The story of Jennifer's nephew made me think back twenty years, to a time when I visited with a Cherokee family in Oklahoma. They were watching Rambo on the TV set, because all of the friends of their six-year old son had already seen it. At one point I was left alone with the boy, as the movie still played, with the noise of Sylvester Stallone machine-gunning Vietnamese soldiers out of trees. I asked the boy what he thought of Rambo, and the boy said, "Rambo is good, he's my hero!" I asked whether it was good to kill all those people, and he said "yes!" I asked why, and he said, "because they are black!"
The horrifying thing is that the boy's own skin tone was darker than that of the Vietnamese portrayed in the film.
The real transformation of Tuesday night is that Michael Swift will never remember or believe that he once wished he were another color. And the enemies of this nation will never again be identifiable by their skin.
Driving home late on Tuesday night (early Wednesday morning), I knew what I would have to do. I live in a very old house on the Scioto Trail built by an abolitionist family named Barnes, that became a principal Underground Railroad Station between the early 1800s and the Civil War. Abraham Lincoln visited the house in late 1848, which may have prompted him to first propose a piece of abolitionist legislation in January of 1849 (a bill that would have outlawed slavery in the District of Columbia). It was a Barnes who became the first south Ohio recruit and casualty of the Civil War. The ritual of leaving flowers at his monument in Portsmouth, Ohio, gave rise to the national holiday of Memorial Day.
So there's a lot of lore about my house. Credible area residents including the former editor of the county paper, have seen a ghostly image through the shutters of my upstairs balustrade doors, outside the room where Lincoln slept, backlit when the house was vacant with no electric power. The "ghost" has the image, according to reports, of a black girl hanging in a noose. And the funny thing is, though this is serious business, that none of the witnesses knew anything about this house serving as an Underground Railroad station.
Nor is there any record of blacks residing in this house (though in 1850, the county served as official refuge for over five hundred fugitive slaves). Raiding parties of southern slave-owners did come through, fought by the Barnes through political and religious agitation.
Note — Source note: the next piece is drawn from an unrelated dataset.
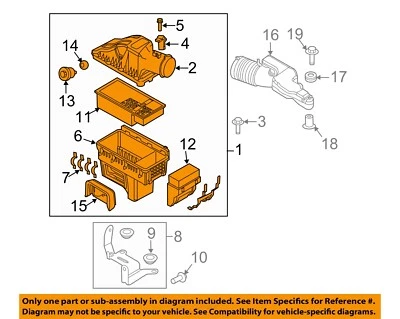 Carcasa de filtro de admisión de filtro de aire Super Duty FORD OEM 14-16 F-450 BC3Z9600A Foto 1 de 2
Whether a black girl really was lynched on the property is something beyond current documentation. But at dawn on Wednesday morning, I went upstairs, and I opened those balustrade doors to the fresh cool air. If any ancestral spirits were still captive at this station, they are free, at last.
___________________________________________
In dedication to the memory of John and Elizabeth Boydston Barnes, Isaac Newton and Mary Magdalene Barnes, John Milton Barnes, Henry Clay Barnes, and Blanche Richardson Barnes. They made Tuesday night possible, more than we.